*Task details*
Transcribe the line holding "But the square" together with every line after it, through the end of the records, exactly and with no pictures.

---- Data supplied

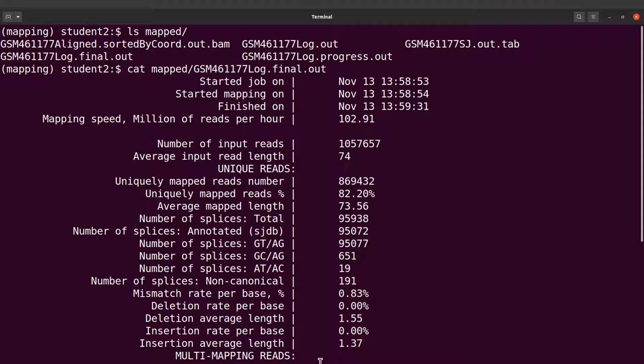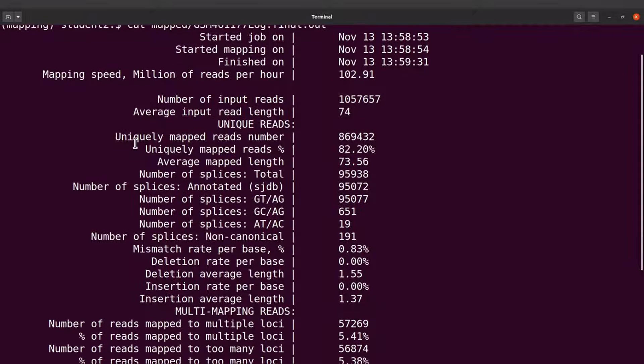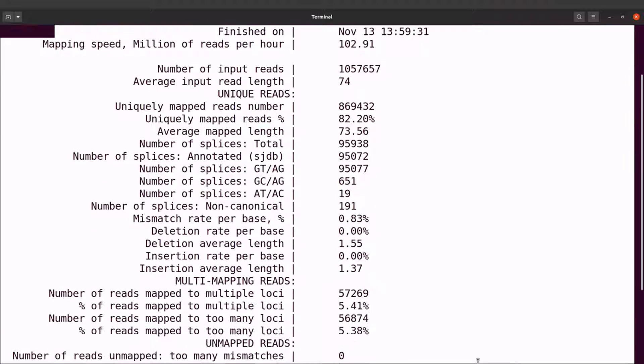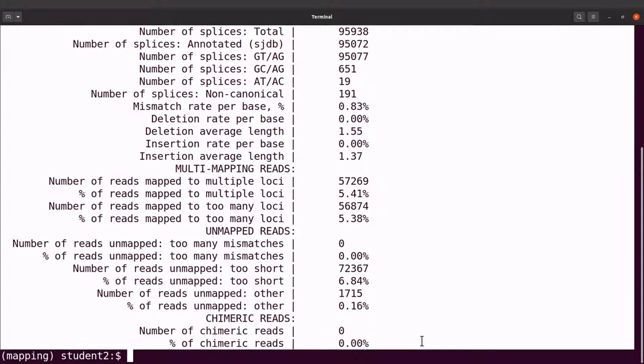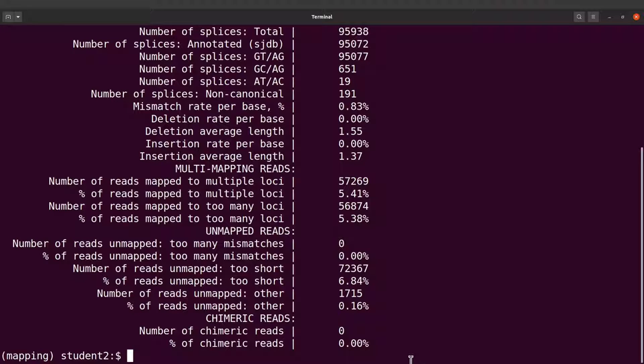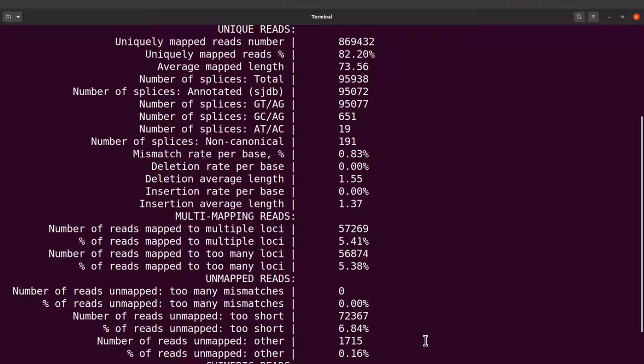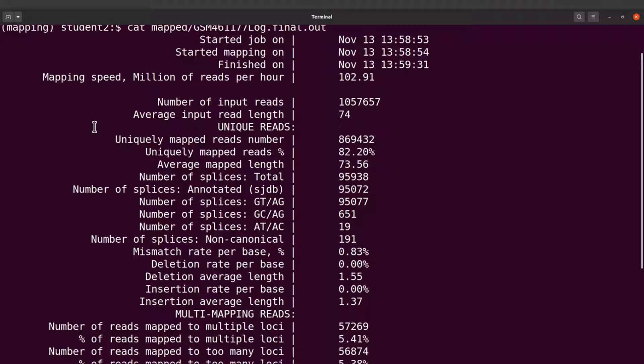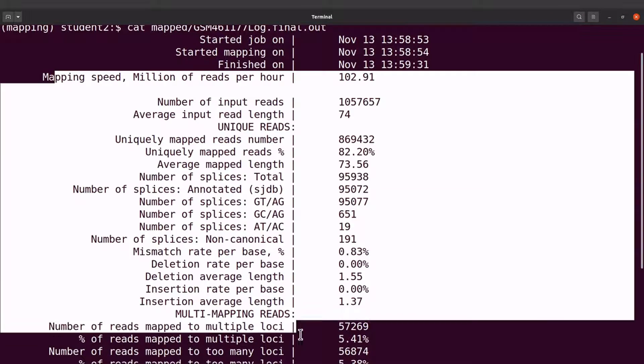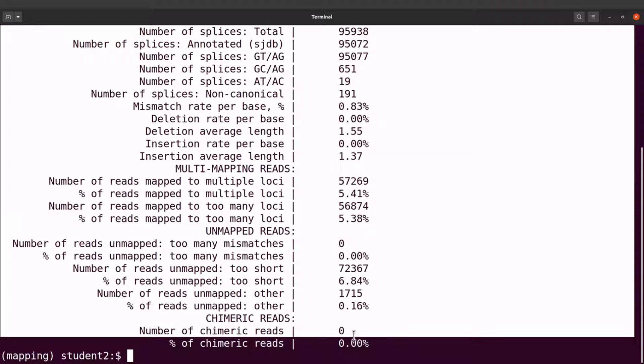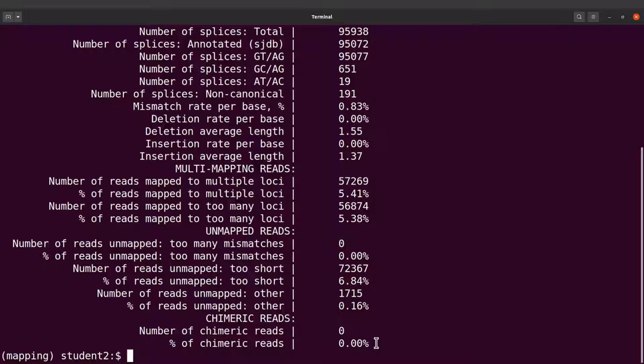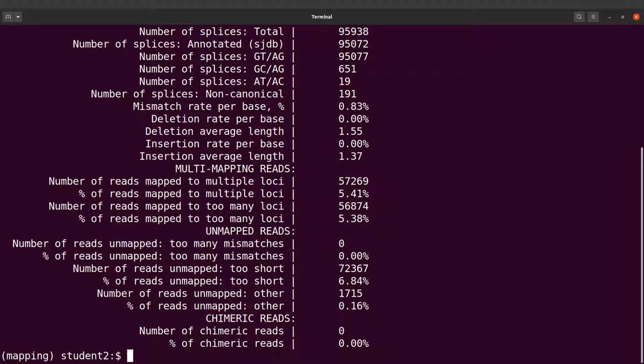We can also visualize this mapping statistics report here. So what we are going to do next is to run MultiQC and then use that to aggregate everything here and then generate a plot file so we can do that and then view the plot. So let's do that.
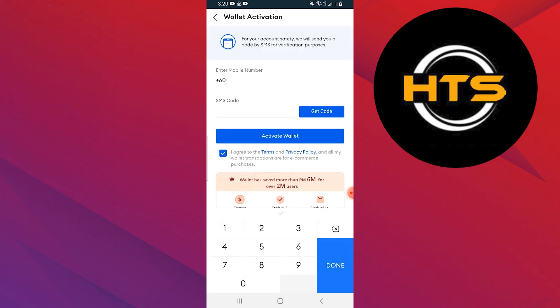You will need to enter your Gcash mobile number to complete the process. After entering your number, click Send Code. You will receive a verification code via SMS. Enter that code to finalize the conversion.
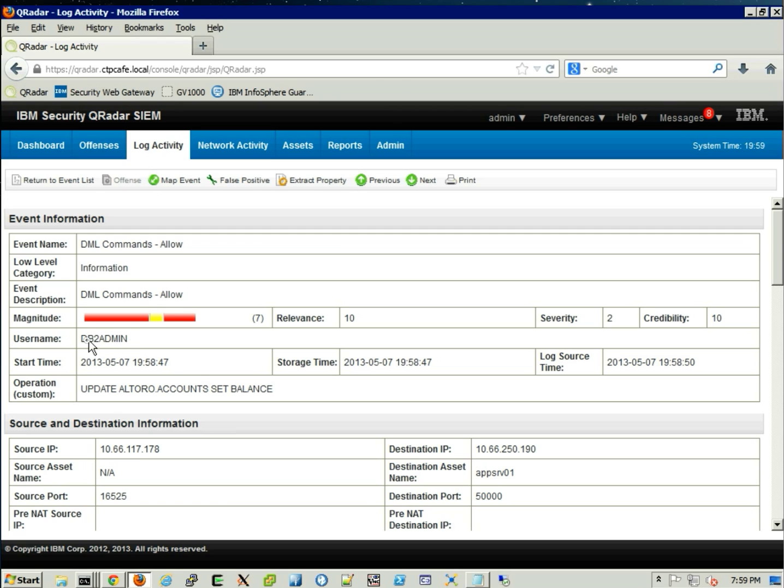We see that the DB2 admin account, which is not the Altoro master account, has actually transferred some balance. And again, Guardian could have been set up to block these attacks as well.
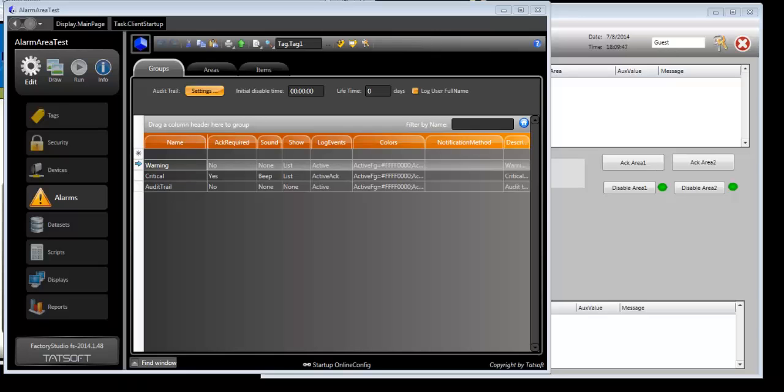The purpose of this video is to demonstrate how Factory Studio has been enhanced with additional features in the alarming system to fit your needs. We'd like to briefly run through those changes with you in this video.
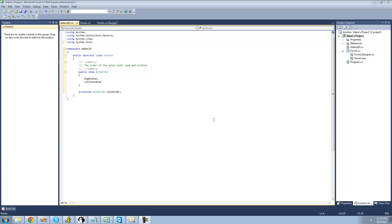Hey guys, welcome to the 187th C# tutorial I'm making for the new Boston. In this tutorial, we're going to continue working on our project with the reading and writing classes. In the previous tutorial, we finished making the base I/O class, so in this tutorial we're going to be starting our Reader class.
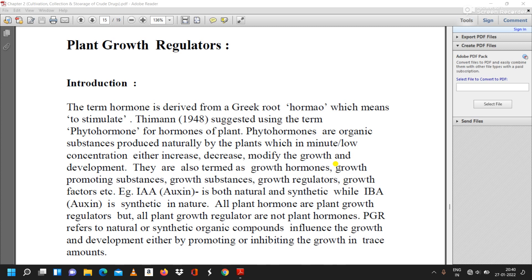All plant hormones are plant growth regulators, but all plant growth regulators are not plant hormones. Plant growth regulators (PGR) refers to natural or synthetic organic compounds that influence the growth and development either by promoting or inhibiting the growth in trace amounts.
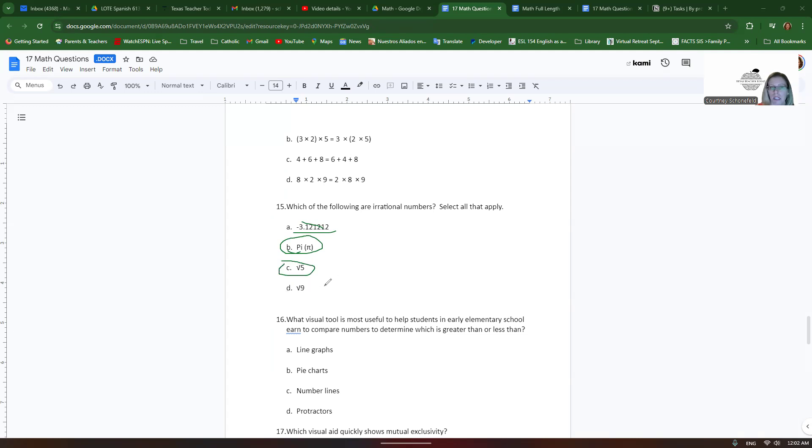But the square root of 9 is 3, right? 3 times 3 is 9. So 3 is definitely a rational number. So only B and C are correct.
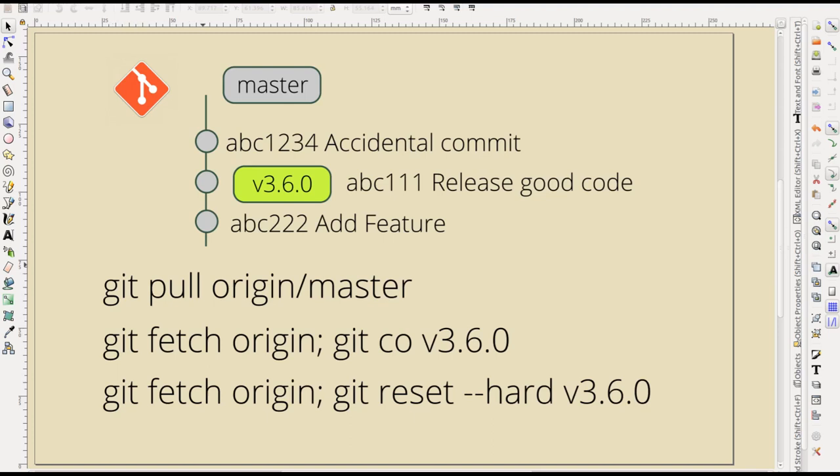Okay, we're going to talk about git pull to update your production website, why you don't want to do it. I've seen a lot of people do it. I've seen it fail, like, a lot.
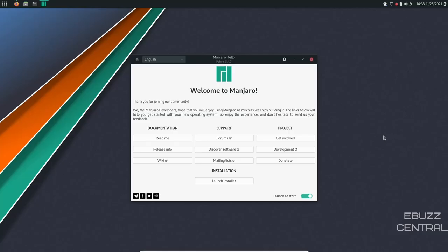Hey everybody, this is Troy with eBuzz Central. Today we're going to take a look at the newest release of Manjaro Budgie.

--------

*Reply*
But the square root of 9 is 3, right? 3 times 3 is 9. So 3 is definitely a rational number. So only B and C are correct.
Okay, we're going to talk about git pull to update your production website, why you don't want to do it. I've seen a lot of people do it. I've seen it fail, like, a lot.
Hey everybody, this is Troy with eBuzz Central. Today we're going to take a look at the newest release of Manjaro Budgie.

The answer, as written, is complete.